L.A. Noire is set in Los Angeles in 1947 and challenges the player, controlling a Los Angeles Police Department (LAPD) officer, to solve a range of cases across five divisions. Players must investigate crime scenes for clues, follow up leads, and interrogate suspects, and the players' success at these activities will impact how much of each cases' story is revealed.
L.A. Noire is an action-adventure neo-noir crime game played from a third-person perspective. Players complete cases—linear scenarios with set objectives—to progress through the story. The game also features a mode which allows players to freely roam the open world. In this mode, players can also engage in optional activities. The game assigns players with cases that they must solve. After each case, players receive a rating of 1–5 stars depending on their performance in both interrogations and searching for clues. Suspects and witnesses in a case can be interrogated for information, when the interviewee responds, players are given the option to either believe them, doubt them, or accuse them of lying. If players accuse them of lying, they must submit evidence to prove it. When interrogating two suspects at the police station, players may decide who to charge with the crime; charging the wrong suspect affects players' end rating.
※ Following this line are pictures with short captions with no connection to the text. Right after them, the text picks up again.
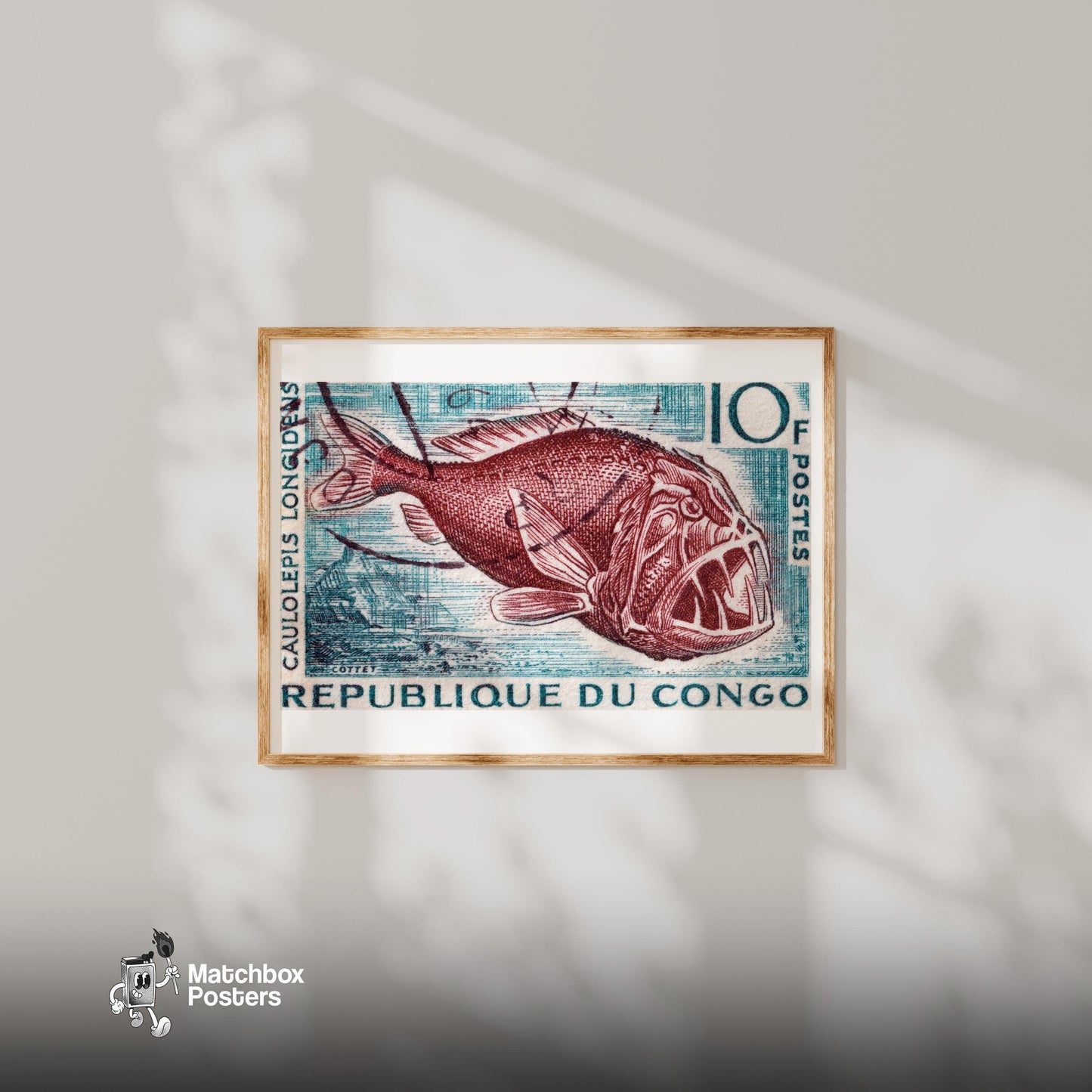 Deep Sea Fish - vintage matchbox label print - bedroom mockup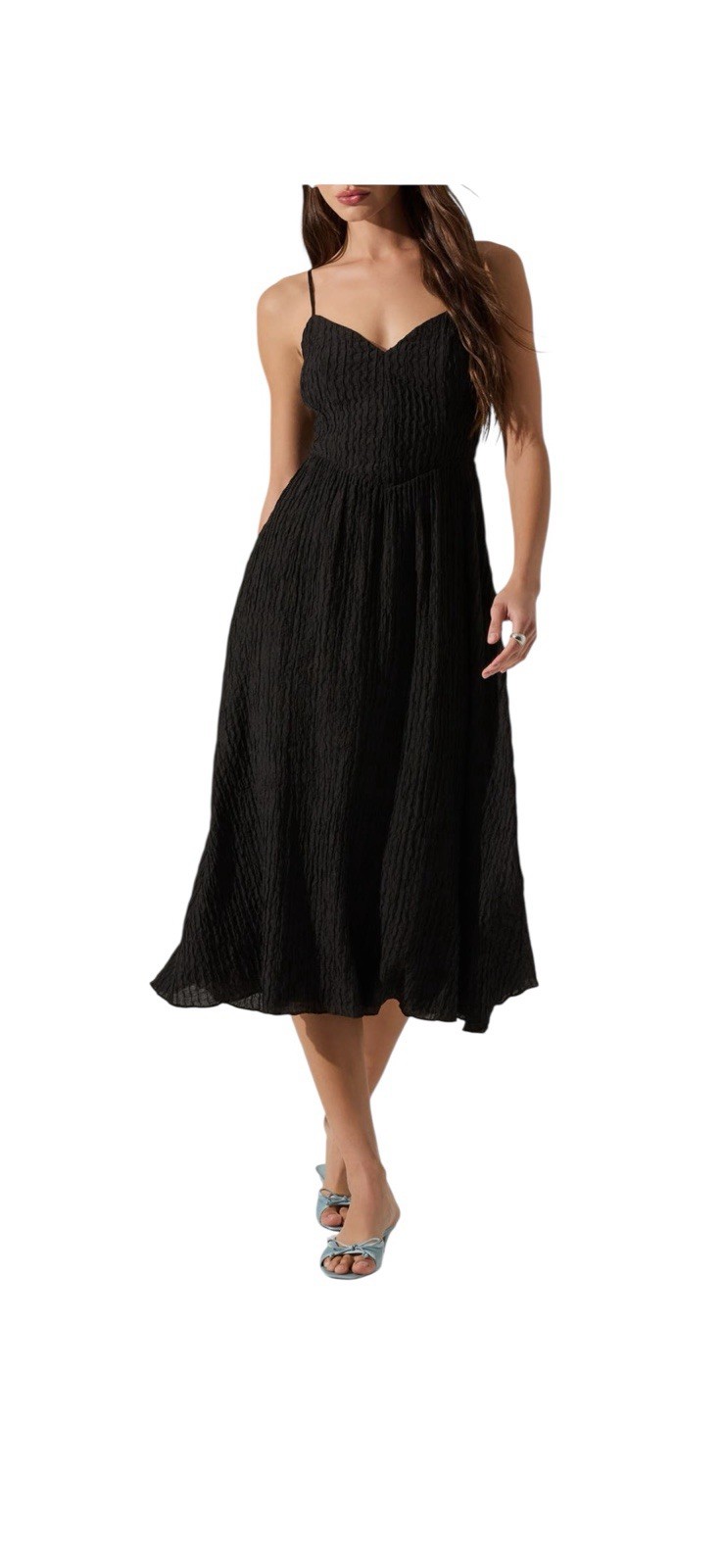 NWOT ASTR THE LABEL V NECK MIDI DRESS- BROKEN ZIPPER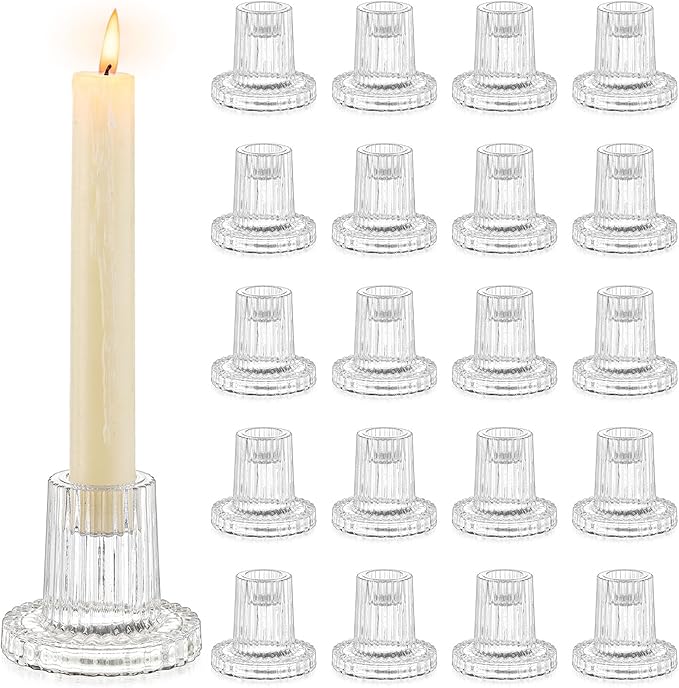 Romadedi Glass Candle Holder for Candlestick - 20Pcs Clear Tapered Bulk Wedding Decor Table Centerpiece for Candle Sticks Christmas Party Living Room Dinner Advent Decoration
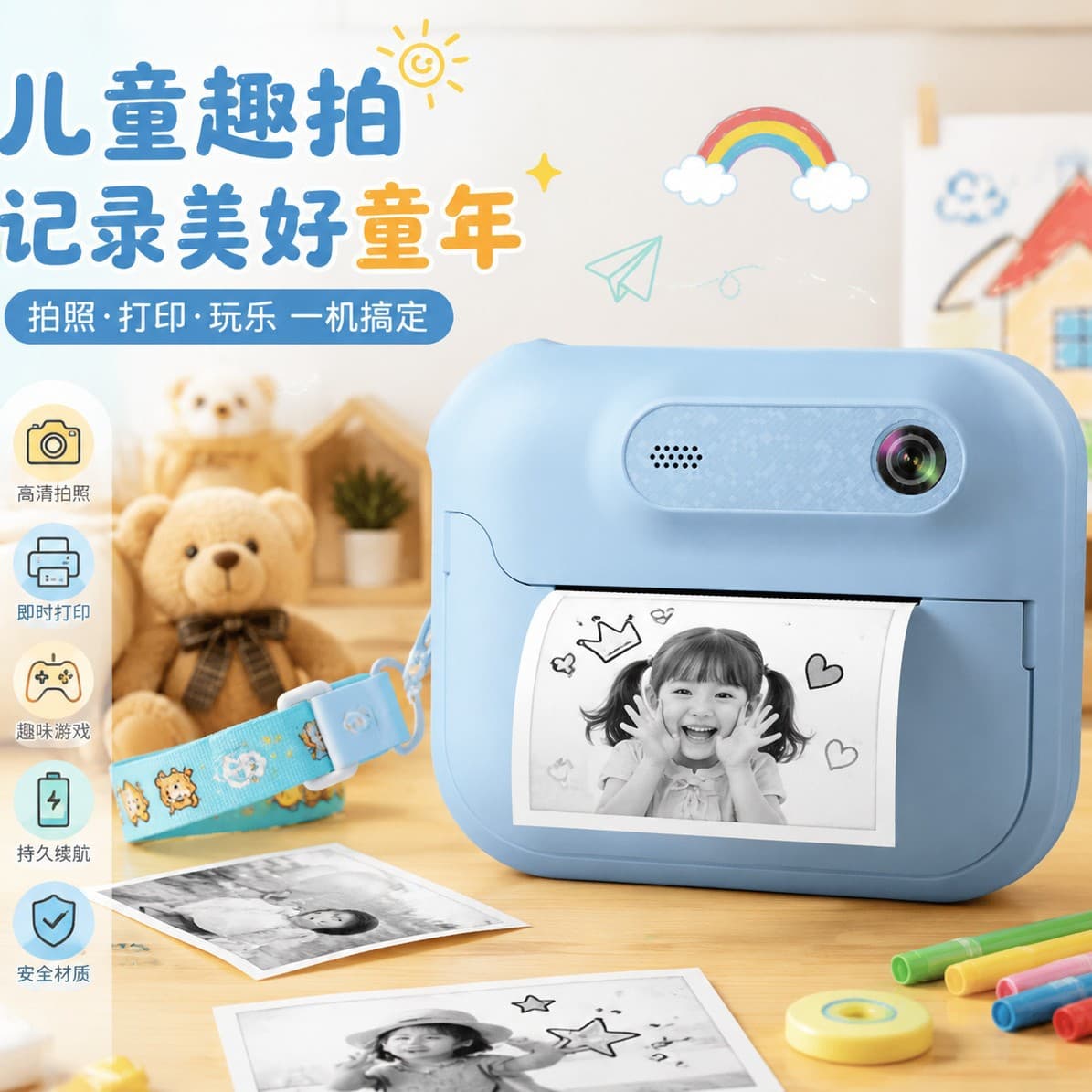 Cross-Border Print Camera S8 Kids Digital Camera Instant Print Cute Cartoon Toy Mini Camera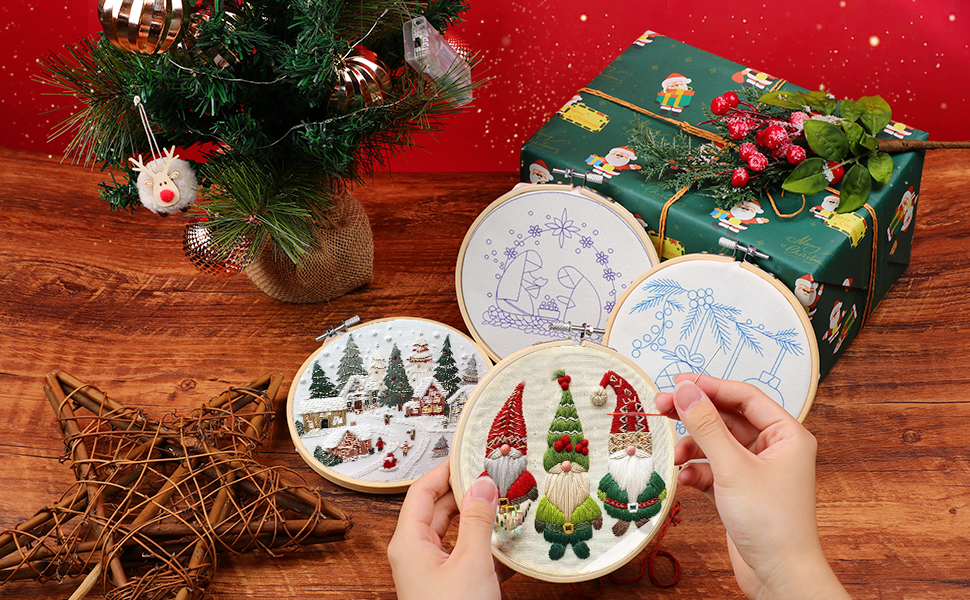 christmas embroidery, embroidery kit christmas, embroidery kits for adults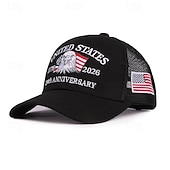abordables 250 Aniversario de los EE. UU.-Gorra de malla con bordado del 250.º aniversario de EE. UU., gorra vintage de béisbol de Estados Unidos, gorra con águila patriótica del 250.º aniversario.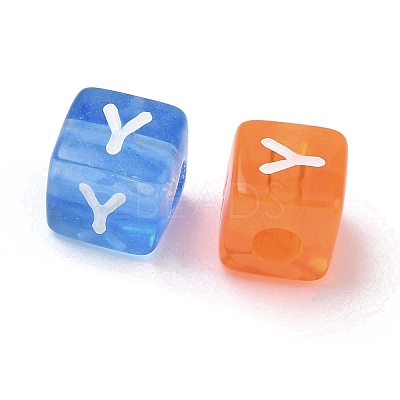 Spray Painted Transparent Acrylic Beads MACR-K365-07Y-1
The game draws heavily from both the plot and aesthetic elements of film noir, stylistic films made popular in the 1940s and 1950s that share similar visual styles and themes, including crime and moral ambiguity. The game uses a distinctive colour palette, but in homage to film noir it includes the option to play the game in black and white. Various plot elements reference the major themes of gum-shoe detective and mobster stories such as Key Largo, Chinatown, The Untouchables, The Black Dahlia, and L.A. Confidential.